It is fall on our farm in Clear Lake, Wisconsin. In another week or two, the leaves will peak in color and will all too quickly fall, leaving the barren branches of winter. It is such a dichotomy to me. I lament the end of summer, and yet, I am filled with regret that I didn’t play enough in the sun nor spent enough hours being lazy in a hammock. At the same time, I revel in the blaze of orange and yellows against the crystal blue of the autumn sky. Without the end of summer, there is no beauty of the fall.
Recently, my husband and I were coming back from a walk through our woods to the point on the lake where we canoe and watch the eagles. In that moment, I began to reminisce and play back the snapshots in my head of my childhood: running through the fields, exploring the forest.

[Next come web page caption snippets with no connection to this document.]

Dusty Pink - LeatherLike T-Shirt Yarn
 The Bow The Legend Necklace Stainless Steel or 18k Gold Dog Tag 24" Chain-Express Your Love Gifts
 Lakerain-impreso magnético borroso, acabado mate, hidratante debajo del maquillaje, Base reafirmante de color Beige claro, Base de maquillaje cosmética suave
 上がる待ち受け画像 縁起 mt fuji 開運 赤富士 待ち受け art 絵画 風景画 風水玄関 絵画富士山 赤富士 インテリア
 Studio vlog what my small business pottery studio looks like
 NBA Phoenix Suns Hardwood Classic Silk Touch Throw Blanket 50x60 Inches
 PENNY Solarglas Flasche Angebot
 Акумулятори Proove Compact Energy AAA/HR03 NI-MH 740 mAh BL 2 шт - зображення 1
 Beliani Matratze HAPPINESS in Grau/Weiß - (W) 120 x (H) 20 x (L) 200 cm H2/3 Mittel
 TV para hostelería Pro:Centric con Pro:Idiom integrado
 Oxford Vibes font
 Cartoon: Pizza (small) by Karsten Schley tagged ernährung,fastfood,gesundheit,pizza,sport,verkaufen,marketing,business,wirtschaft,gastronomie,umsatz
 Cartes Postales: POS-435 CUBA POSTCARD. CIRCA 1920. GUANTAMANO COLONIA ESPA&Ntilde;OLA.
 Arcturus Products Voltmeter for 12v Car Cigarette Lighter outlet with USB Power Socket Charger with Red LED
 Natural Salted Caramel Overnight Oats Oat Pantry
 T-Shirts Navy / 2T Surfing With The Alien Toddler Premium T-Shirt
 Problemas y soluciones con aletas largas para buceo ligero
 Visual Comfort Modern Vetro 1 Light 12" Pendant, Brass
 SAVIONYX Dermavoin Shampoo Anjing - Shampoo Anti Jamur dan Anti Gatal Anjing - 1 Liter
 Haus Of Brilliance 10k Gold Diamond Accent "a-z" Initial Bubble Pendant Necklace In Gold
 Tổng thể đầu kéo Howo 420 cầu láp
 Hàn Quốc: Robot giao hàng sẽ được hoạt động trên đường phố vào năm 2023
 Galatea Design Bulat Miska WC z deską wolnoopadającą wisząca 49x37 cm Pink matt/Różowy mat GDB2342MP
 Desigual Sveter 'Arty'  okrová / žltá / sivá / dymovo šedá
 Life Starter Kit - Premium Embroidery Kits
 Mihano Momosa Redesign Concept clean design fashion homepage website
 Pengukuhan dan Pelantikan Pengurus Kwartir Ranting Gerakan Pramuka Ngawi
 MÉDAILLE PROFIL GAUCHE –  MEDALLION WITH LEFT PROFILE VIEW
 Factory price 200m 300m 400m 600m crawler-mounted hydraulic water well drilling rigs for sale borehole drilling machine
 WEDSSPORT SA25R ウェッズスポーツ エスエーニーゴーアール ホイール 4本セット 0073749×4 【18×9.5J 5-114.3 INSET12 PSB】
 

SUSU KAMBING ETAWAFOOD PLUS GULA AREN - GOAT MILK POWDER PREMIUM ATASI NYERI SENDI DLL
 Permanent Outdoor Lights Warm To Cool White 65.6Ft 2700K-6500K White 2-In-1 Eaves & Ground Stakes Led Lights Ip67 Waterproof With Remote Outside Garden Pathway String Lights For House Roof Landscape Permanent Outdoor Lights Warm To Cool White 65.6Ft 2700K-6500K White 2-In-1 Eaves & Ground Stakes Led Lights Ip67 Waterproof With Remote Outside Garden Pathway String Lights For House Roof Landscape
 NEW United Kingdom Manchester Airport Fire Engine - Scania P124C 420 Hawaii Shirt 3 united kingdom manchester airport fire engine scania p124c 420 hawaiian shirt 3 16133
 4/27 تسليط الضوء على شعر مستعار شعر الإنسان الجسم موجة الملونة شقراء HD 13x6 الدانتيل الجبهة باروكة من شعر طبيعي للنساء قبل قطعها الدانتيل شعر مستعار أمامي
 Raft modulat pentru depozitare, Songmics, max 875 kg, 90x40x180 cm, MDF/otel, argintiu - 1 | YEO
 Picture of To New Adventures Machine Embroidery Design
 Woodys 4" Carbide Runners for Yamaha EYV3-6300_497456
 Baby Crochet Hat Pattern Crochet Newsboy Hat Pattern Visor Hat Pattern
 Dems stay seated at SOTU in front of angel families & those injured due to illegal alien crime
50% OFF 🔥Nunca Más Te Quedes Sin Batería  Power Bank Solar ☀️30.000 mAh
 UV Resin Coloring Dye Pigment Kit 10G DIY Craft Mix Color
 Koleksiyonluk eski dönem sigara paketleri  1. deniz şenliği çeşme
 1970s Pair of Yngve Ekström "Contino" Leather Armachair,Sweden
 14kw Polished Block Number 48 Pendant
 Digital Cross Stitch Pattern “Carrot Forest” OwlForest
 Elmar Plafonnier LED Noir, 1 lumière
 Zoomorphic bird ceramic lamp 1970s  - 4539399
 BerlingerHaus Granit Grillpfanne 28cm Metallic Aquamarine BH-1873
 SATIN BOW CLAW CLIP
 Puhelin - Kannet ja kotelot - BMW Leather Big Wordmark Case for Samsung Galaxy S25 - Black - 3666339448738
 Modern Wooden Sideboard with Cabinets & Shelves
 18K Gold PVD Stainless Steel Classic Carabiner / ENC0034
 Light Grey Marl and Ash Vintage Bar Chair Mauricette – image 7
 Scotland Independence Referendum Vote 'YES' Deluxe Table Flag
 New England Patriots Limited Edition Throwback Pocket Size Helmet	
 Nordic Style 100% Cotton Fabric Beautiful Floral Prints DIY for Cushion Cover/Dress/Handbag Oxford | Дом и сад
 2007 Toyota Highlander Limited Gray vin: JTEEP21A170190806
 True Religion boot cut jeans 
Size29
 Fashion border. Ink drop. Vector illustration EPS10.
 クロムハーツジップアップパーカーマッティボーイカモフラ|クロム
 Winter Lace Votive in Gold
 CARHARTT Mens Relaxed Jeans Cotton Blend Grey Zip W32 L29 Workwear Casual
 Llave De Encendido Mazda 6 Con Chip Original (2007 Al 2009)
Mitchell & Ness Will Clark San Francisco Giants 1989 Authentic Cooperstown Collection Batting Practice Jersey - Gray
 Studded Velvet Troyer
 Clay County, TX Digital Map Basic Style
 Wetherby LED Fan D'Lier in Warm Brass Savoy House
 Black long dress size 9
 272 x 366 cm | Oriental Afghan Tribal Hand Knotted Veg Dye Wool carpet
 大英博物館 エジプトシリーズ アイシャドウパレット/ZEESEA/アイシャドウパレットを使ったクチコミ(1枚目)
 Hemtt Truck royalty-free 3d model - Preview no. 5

I told my husband of my first spiritual experience laying on my back in the snow in the bitter cold, examining the snow flakes and realizing for the first time, they truly are all unique—that no two are the same and being overwhelmed by their extraordinary beauty. Without the bitter cold, there would be no snowflakes, nor promise of spring. The cycle of life springs from, and is dependent upon, change.
I recounted to him how my great Aunt Ida would come to visit her sister’s homestead farm once a year from Idaho. My grandma would walk her around the farm and Ida would, invariably, reach down and pluck a four-leaf clover from the sea of three-leaf variety stretched out endlessly before them. I was amazed at this talent and spent untold hours trying to recreate her effortless ability.
As I spoke these words, I instinctively bent over a patch of clover and picked one myself! Neither one of us could comprehend this immediately at that moment, as I had just found my first ever four leaf clover! Without the weeds, there is no promise of opportunity and sometimes, it can take a very long time to realize your dreams (no matter how small).
Inspired by the change of season taking place around us, this brings me to one of the most important characteristics of a consultant (or a recruiter): adaptability. The ability to adjust to a changing environment, new tools, processes, technology, industry, company culture and moirés sets an extraordinary consultant apart from the average. The ability to see through the clouds of change that make employees feel uncomfortable and help them not only manage it but embrace it for what it can become, the beauty of a new season and the promise of a four leaf clover.
Change is not only inevitable; it is part and parcel of the recipe for life’s next adventure. Don’t merely accept it, revel in it—and those around you. They will mirror that energy back; from one, many.
That day, to celebrate our good fortune and embrace the transition to autumn, my husband and I picked apples at the height of perfection from the heavily laden tree at the homestead and baked two apple pies. Change is good—and sometimes tasty!